Barry's excellent record of Jubula hutchinsiae in the lower Dulais Valley a few weeks ago reaffirmed for me the potential importance of this largely unknown area of NPT. Unfortunately, much of this long valley is flanked by private land and difficult to access. Even where access is possible, navigation is tricky. One stretch of the river at Cefn Coed (near Crynant) provides opportunities for a small amount of exploration. A riverside oak tree here has an interesting assemblage of epiphytes which includes Lejeunea lamacerina and Heterocladium heteropterum. Scattered among the Lejeunea there is a larger liverwort which looks like Jamesoniella autumnalis to me (photos below). Although J. autumnalis is often associated with decaying logs, it does grow on standing oaks in humid valleys (e.g. Nedd Fechan Valley, Brecs). For absolute confirmation I would have liked to have seen some perianths, which I couldn't find. Unfortunately, vegetative J. autumnalis is a bit nondescript and resembles some other liverworts, particularly Jungermannia (or even Saccogyna). The habitat probably rules out Jungermannia and the alternating leaf arrangements looks wrong for Saccogyna (and there are no underleaves). But I might be missing something obvious. Comments appreciated.

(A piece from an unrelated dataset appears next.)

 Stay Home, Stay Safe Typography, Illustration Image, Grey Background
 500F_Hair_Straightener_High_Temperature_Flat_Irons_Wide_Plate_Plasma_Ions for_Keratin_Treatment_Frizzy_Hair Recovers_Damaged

  1. The top photo made me think you'd got muddled by Plagiochila, but then I spotted the odd thing you were referring to. The other two photos show it much better. I'm sure it isn't Jamesoniella, having seen it quite frequently in the past (including last month), because the leaves of that are more concave. It also looks wrong for most Jungermannia. One name is fluttering in the back of my mind, in part because of appearance and in part because of habitat - Leiochlaena lanceolata (aka Jungermannia leiantha). It is a very long shot and you'd really need perianths to confirm an ID, but please have a careful look at oil bodies etc and if it's looking promising please send me a fresh specimen. I'm probably getting excited about nothing...

  2. Thanks Sam. Yes, sorry, I should have pointed out that Plagiochila porelloides was also all over the place there and it may turn out to be just an odd form of that in the end. I'll check out your suggestion.

  3. A few observations of material under the microscope. Leaf cells in the range 25 - 35 microns wide. Oil bodies distinctly granular, only 2 or 3 per cell, fairly large, up to 12 x 5 microns. I don't think it's a small, edentate form of Plagiochila porelloides. If it's not Jamesoniella autumnalis, then the probability is that it's a Jungermannia type, but not L.lanceolata. In which case I'm probably stuffed unless we go back and find some fertile material. I've been here before!!!